The decision, numbered 6/1065/9.10.2025, was published in the Government Gazette on Wednesday and updates the framework governing how the regulator evaluates the “fitness and propriety” of shareholders with significant stakes in key market infrastructures such as the Athens Stock Exchange, the central counterparty ATHEXClear, and the Central Securities Depository.
The new rules are designed to make the evaluation process more flexible, particularly for large, EU-supervised financial groups such as Euronext. Under the revised framework, the HCMC will be able to tailor the depth of its assessment and the level of documentation required according to the size and nature of the investor and the transaction. In practical terms, this means that an established, regulated entity like Euronext will not have to submit an entirely new application file from scratch, unlike an unsupervised investor or private individual.
The decision also allows the HCMC to rely on information already held by other European supervisory authorities—such as France’s Autorité des Marchés Financiers (AMF) or the Netherlands Authority for the Financial Markets (AFM)—as well as on public registries and previous regulatory assessments. This measure is intended to speed up the approval process and avoid unnecessary repetition of due diligence already performed elsewhere in the European Union.
These changes are particularly relevant as Euronext awaits approval for its public offer to acquire a controlling interest in Hellenic Exchanges. Should the offer proceed, the pan-European exchange operator would gain a “qualifying holding” not only in ATHEX but also in its regulated subsidiaries. Before such a transaction can be completed, Greek law requires the HCMC to approve the new shareholder, assessing its solvency, reputation, managerial competence, and overall compliance with European supervisory standards.

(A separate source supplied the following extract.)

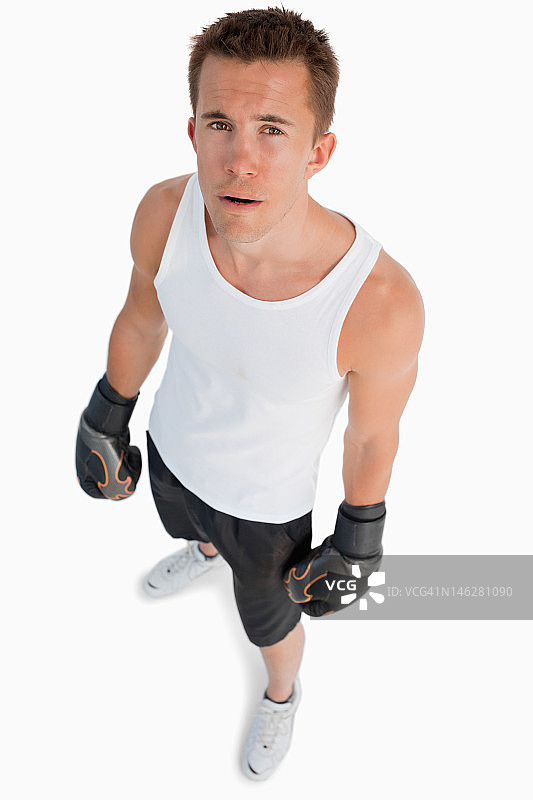 站立拳击手的俯视角度图片素材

The Commission’s latest decision also introduces “reduced information requirements” for EU-supervised entities. Companies falling under this category will now need to provide only the essential details, depending on whether the shareholder is an individual or a corporation and on the size of the stake they intend to acquire—whether below or above 20 percent. If a shareholder has already been evaluated by the HCMC within the previous two years, only updated information must be submitted. In cases where no changes have occurred, a formal declaration confirming that the data remain unchanged will suffice. Applicants may also submit supporting documents in stages until the full application is complete.

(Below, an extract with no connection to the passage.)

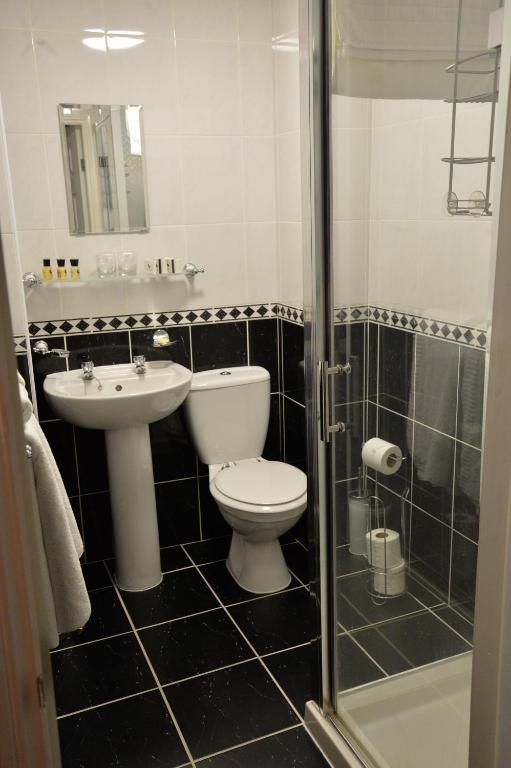 Ванная комната в Lauriston & Lawton Court Hotel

Market observers view these amendments as a practical alignment of Greek regulation with European supervisory guidelines (JC/GL/2016/01), as well as a move that facilitates Euronext’s pending assessment. Since the company is already regulated by EU authorities and operates major exchanges in Paris, Amsterdam, Dublin, Milan, Lisbon, and other European capitals, the HCMC will now be able to rely on existing oversight information without imposing redundant requirements.
Despite the procedural streamlining, the HCMC retains the authority to block any acquisition of a qualifying holding if it determines that the transaction could pose risks to financial stability or raise concerns about the acquirer’s integrity or solvency.